Если пользоваться современными категориями применительно к данному кругу процессов, то Аристотель по существу противопоставлял обратимые процессы необратимым. Обратимые (следовательно, логически симметричные) – прерогатива небес, тогда как необратимые (логически несимметричные и в этом ракурсе "несовершенные") – удел грешной земли. Галилей решительно распространил принцип обратимости на всю физическую реальность,(3) и с тех пор все фундаментальные уравнения современной – "постгалилеевской" – физики являются обратимыми во времени: и в классической механике, и в релятивистской, и в квантовой. Единственное исключение – родившаяся в первой четверти ХIХ в. и стоящая особняком от других фундаментальных теорий термодинамика (и последовавшие за ней статистическая физика и синергетика). Оппозиция обратимости и необратимости вновь дала знать о себе – пока с некоторым перевесом в пользу первой.

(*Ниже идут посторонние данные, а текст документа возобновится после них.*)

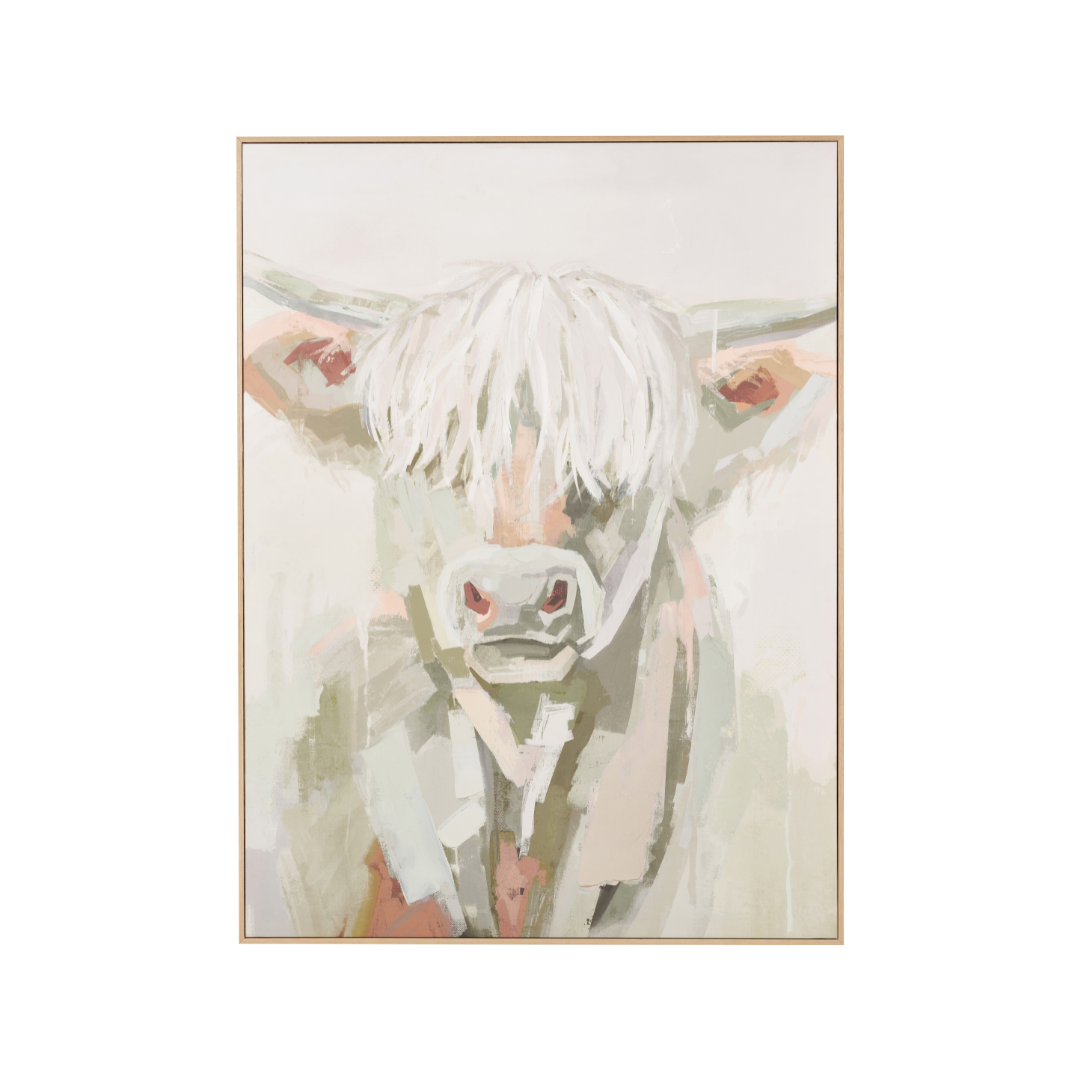 Sage and Naturals Highland Cow Canvas with Natural Frame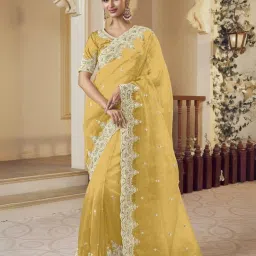 Odette Yellow Organza Embellished Saree With Unstitched Blouse image 1
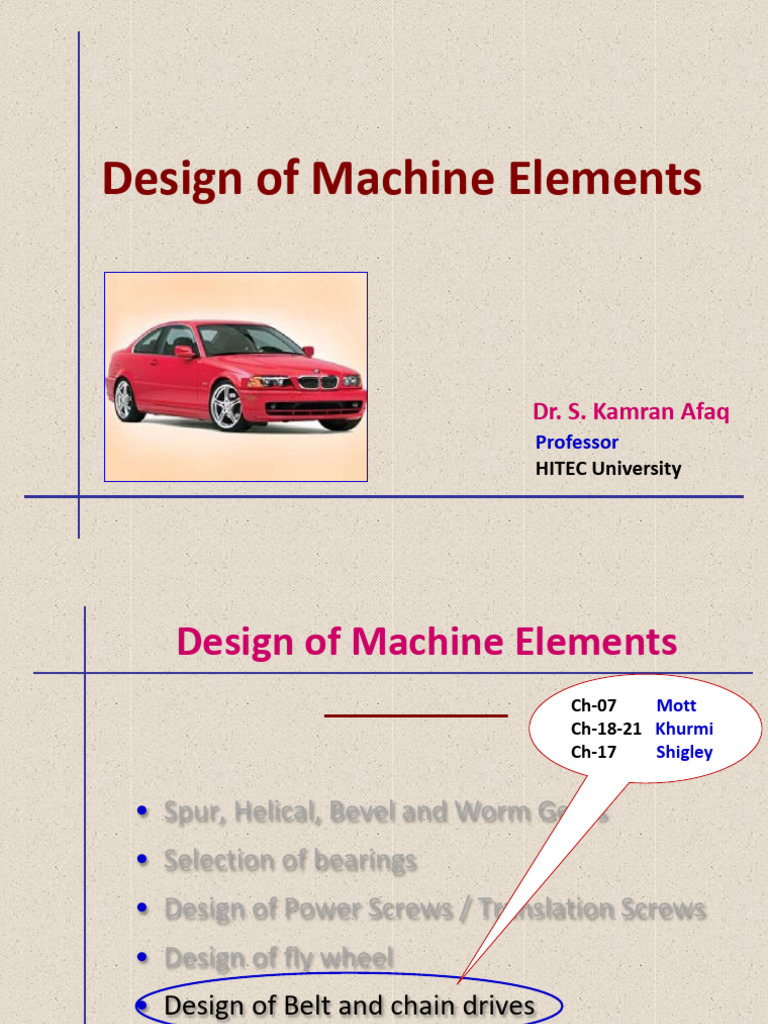 Machine Elements Design Overview | PDF | Belt (Mechanical) | Gear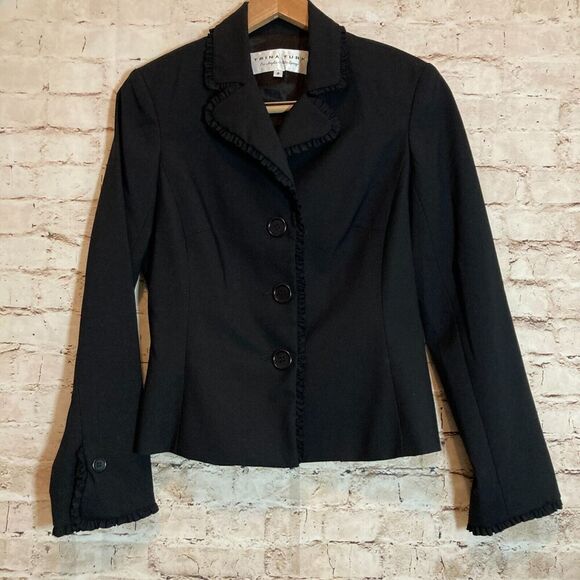 Trina Turk Blazer Jacket Womens 8 Black Ruffle Trim Career Button Front - Picture 1 of 10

Мы не ставим в настоящей работе слишком широких задач и потому ограничимся сказанным о культурных ассоциациях, прямо или косвенно связанных с "духом" разных пропорций, с инсталлированным в них мировоззрением. Возвращаясь к непосредственной теме раздела нельзя, однако, не заметить следующее.
Если в парламентских выборах, на которые примеривалась пропорция золотого сечения, сам акт выборов в основном не изменяет процентов (какими они были на пороге голосования, такими же претворяются и во фракциях), то случай президентских, как сказано, кардинально отличен. До выборов и в их канун действует один процентный расклад – согласно теории: a/c = 57,7%, b/c =42,3%, – а сразу после выборов совершенно другой: "победитель получает всё",
Итак, на посттоталитарной ступени наблюдается симбиоз двух качественно разнородных систем коллективных базовых ценностей, что сопровождается присущим демократиям принципом политической состязательности, следовательно, делением ведущих политических групп на пары, стремящиеся завоевать большинство. Но в итоге тогда М = 2 х 2 = 4, обстановка предрасполагает к формированию четырехчастного партийно-идеологического паттерна. Чтобы избежать голословности, воспользуемся иллюстрациями.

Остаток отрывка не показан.